Rose chiuse gli occhi e lasciò che il mormorio delle voci altrui la cullasse. Solo quando ne udì una familiare, intenta a lanciarsi in un racconto, sollevò le palpebre. Al loro stesso falò c'era Myr, ancora avvolto nel suo abito rosso bruciato, trattenuto in vita da una fascia dorata.
«Maestro» mormorò Wulfric.
«Scusa se sono sparito, prima. Ho avuto un momento di...» bofonchiò Myr, traballante. Sorrise a Wulfric e gli strinse un braccio. Aveva le guance paonazze e gli occhi lucidi; Rose non l'aveva mai visto in quello stato. Doveva aver bevuto parecchio, dato che le rivolse un sorriso affettuoso e le accarezzò la testa, come se si fosse dimenticato che fra loro c'erano stati degli screzi. «... beh, non ha importanza. Ora è passato. E' tardi, forse sarebbe il caso che andassi a letto, per una volta. Credo di aver bevuto troppo nettare, per non parlare dell'idromele di Geodfrith.»
«Maestro, ti prego, resta» lo supplicò Wulfric, trattenendolo per la tunica. «Perché non...» guardò Rose in cerca di un'idea e si illuminò. «... perché non ne approfitti per raccontarci dei tuoi vecchi allievi? Non mi hai mai detto molto su Artri, ed è l'occasione perfetta.»

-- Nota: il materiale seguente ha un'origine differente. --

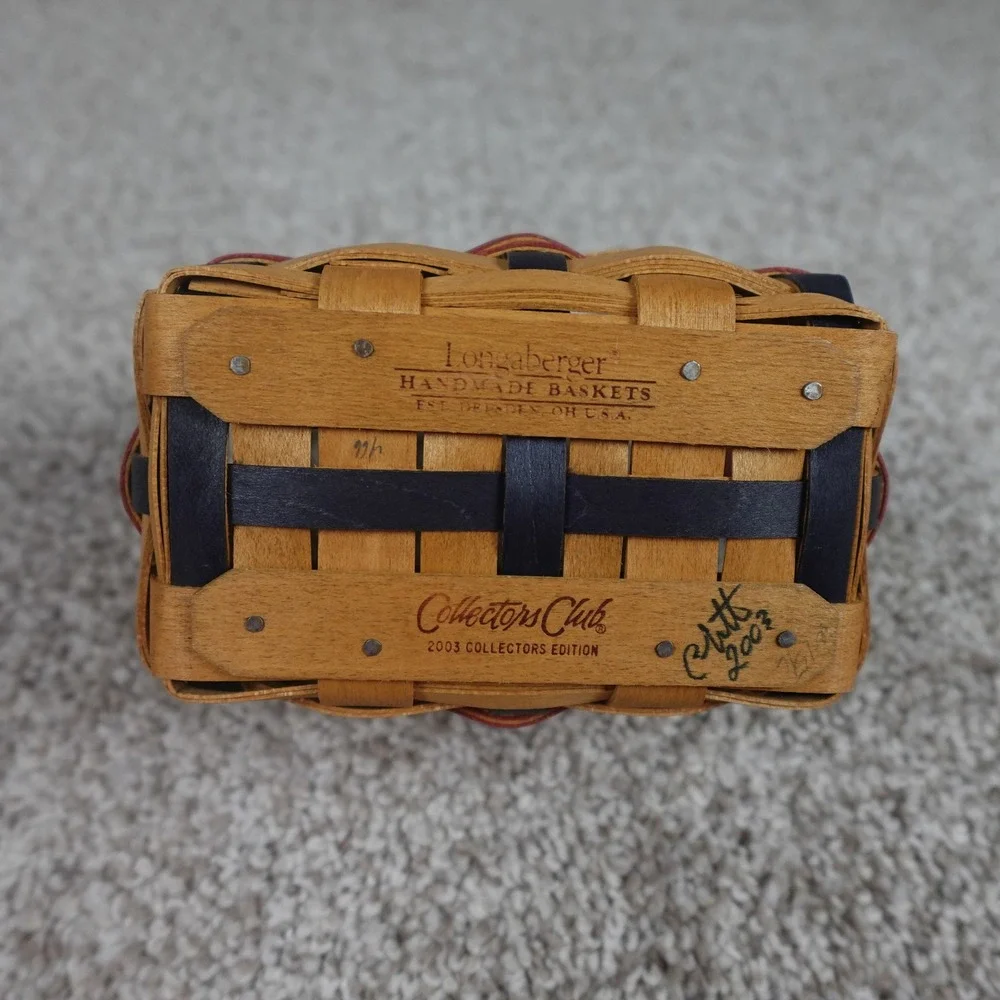 Longaberger 2003 proudly
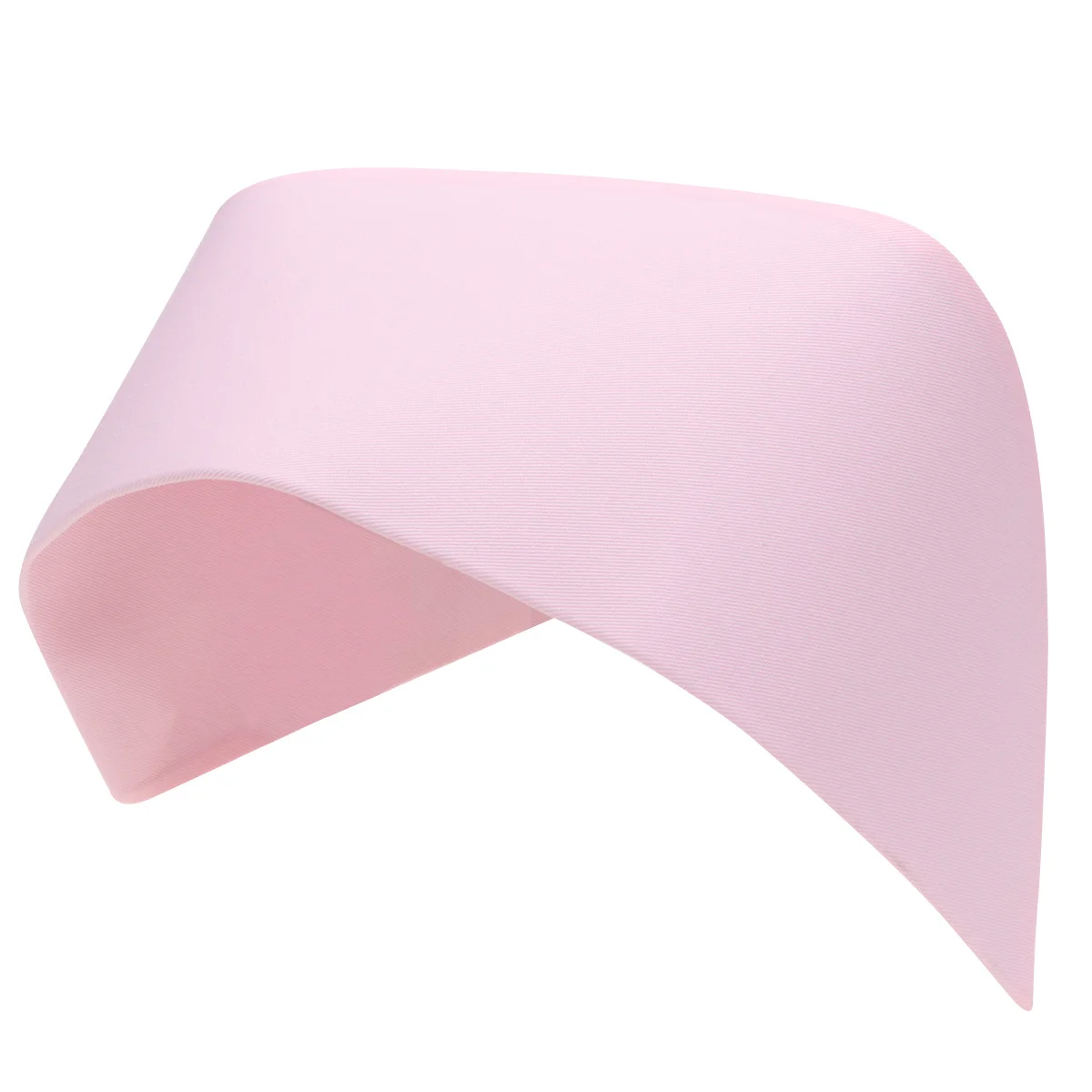

Nurse Dovetail Hat Premium Cotton Pink Thin Style Comfortable Wear Deformation Resistant Pinning Ceremony Party Halloween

Rose pensò che Myr avrebbe rifiutato, ma l'alcol gli aveva sciolto sia la lingua che le ginocchia. Il Mundbora si lasciò cadere accanto a loro e afferrò una borraccia colma d'acqua. La aprì e ne versò il contenuto sulla testa per svegliarsi.
«D'accordo. Questa sera ti racconterò la storiella della buonanotte, Fritz. Ma solo perché è la tua festa, non abituarti a questo trattamento.»
«Certo che no, maestro» mormorò Wulfric, facendo l'occhiolino a Rose.